Who can the Auditors of Public Accounts investigate?


  • Every state office, department, division, bureau, board, and commission of state government.
  • Employees of state government including elected constitutional officers, appointed state officials, state civil service employees, and quasi-public agency employees.
  • Certain private entities such as businesses and nonprofit organizations, or their employees, etc., only if they are considered a large state contractor. By statute, a large state contractor is defined as an entity that has entered into a contract with a state or quasi-public agency valued at five million dollars or more, or received funding under Title 32 of the Connecticut General Statutes.

Who can the Auditors of Public Accounts not investigate?


  • Municipal government agencies and employees, city and school district employees and officials.
  • Federal government agencies and employees, including federal officials.
  • Private entities such as businesses and nonprofit organizations, or their employees, if they do not meet the definition of a large state contractor.

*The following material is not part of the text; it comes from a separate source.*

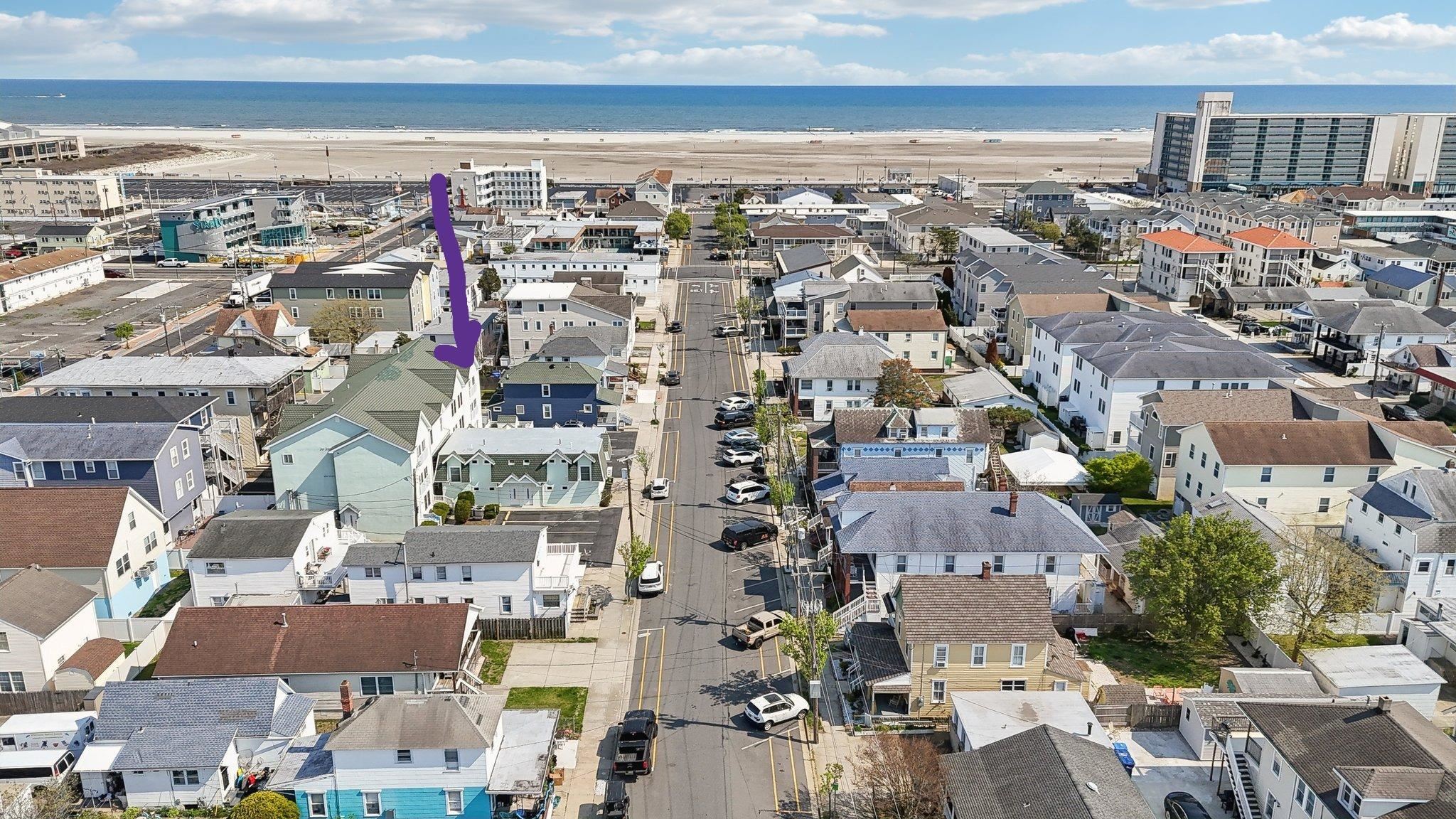 213 E Hand Avenue #1, Wildwood, New Jersey image 35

What can the Auditors of Public Accounts investigate?


  • Allegations of corruption, unethical practices, violations of state or federal laws or regulations, mismanagement, gross waste of public funds, abuse of authority, or danger to public safety

What are some examples of improper conduct investigated by the Auditors of Public Accounts?


  • Embezzlement
  • Improper contracting
  • Misuse of state property
  • Conflicts of interest
  • Improper overtime
  • Improper expense reimbursements
  • False time and attendance reporting by state employees

What if I’m afraid someone will find out I filed a complaint?


Do I have to sign my name?

  • You may file a complaint without providing our office with your name or contact information; however, we may not be able to investigate your complaint properly if we cannot communicate with you to confirm the information you have provided or to obtain additional information. If you identify yourself to our office, we will not reveal your identity to anyone else without your permission, unless we or the Attorney General determines that such disclosure is unavoidable.
  • There is a space on the complaint form for your name and contact information, but it is not required.

What happens after I file a complaint?


  • We will evaluate your complaint to determine whether it has sufficient merit to warrant further review. If we do conduct a review of your complaint, we will conduct it confidentially. We will not report to you or anyone else about the progress of the investigation other than to convey whether it has been referred to the Attorney General.
  • We will contact you if we need additional information.
  • State statute requires our office to report the results of our investigation to the office of the Attorney General. The Attorney General may decide to concur with our review or continue the investigation.
  • The investigation will remain confidential until it is concluded, at which time the Attorney General may inform you of the outcome.

What can the Auditors of Public Accounts do if the improper activity is substantiated?


  • The Auditors of Public Accounts is a reporting entity. Any improper activity that is substantiated will be reported to the proper authority, which will vary based on the specific findings.
  • The Auditors of Public Accounts does not have enforcement powers and cannot order a department or official to take any action.

How do I file a complaint and what should I include in my complaint?


  • Our office will not commence an investigation of your complaint unless there is a basis that it has sufficient merit to warrant an investigation. You should, therefore, include a clear statement of what you believe is the improper activity, why you believe the activity is improper, who was involved, and what evidence we may examine to validate your allegation.
    • Your complaint should include, but not be limited to:
        1. A clear and concise statement of what you are alleging to be improper activity and why you believe it is improper.
        2. The name and title of the person/persons against whom you are making the complaint.
        3. The agency, division, and location where the action(s) occurred.
        4. When the action(s) occurred.
        5. The specific state or federal law or state regulation that has been violated.
        6. The names and contact information for any witnesses who can confirm the truth of what you are saying.
        7. Copies of any documents that will support what you are saying. Please do not submit original documents, as they cannot be returned.
        8. 7)Your name, and phone number or email.
        Complaints may be filed anonymously; however, if you include your name and contact information, we can reach you to gather further information that may be necessary for us to conduct a thorough investigation. In addition, the law provides remedies for individuals subjected to retaliation as a result of whistleblower activities. The identity of a person making a complaint is strictly confidential under state law and will not be released without the consent of the complainant, unless such disclosure is unavoidable.
  • Each allegation should be noted separately and supported with as much specific information as possible.
  • Supplying detailed information contributes to a thorough and efficient investigation. Such information should normally address questions of who, when, where, what, how, and how much.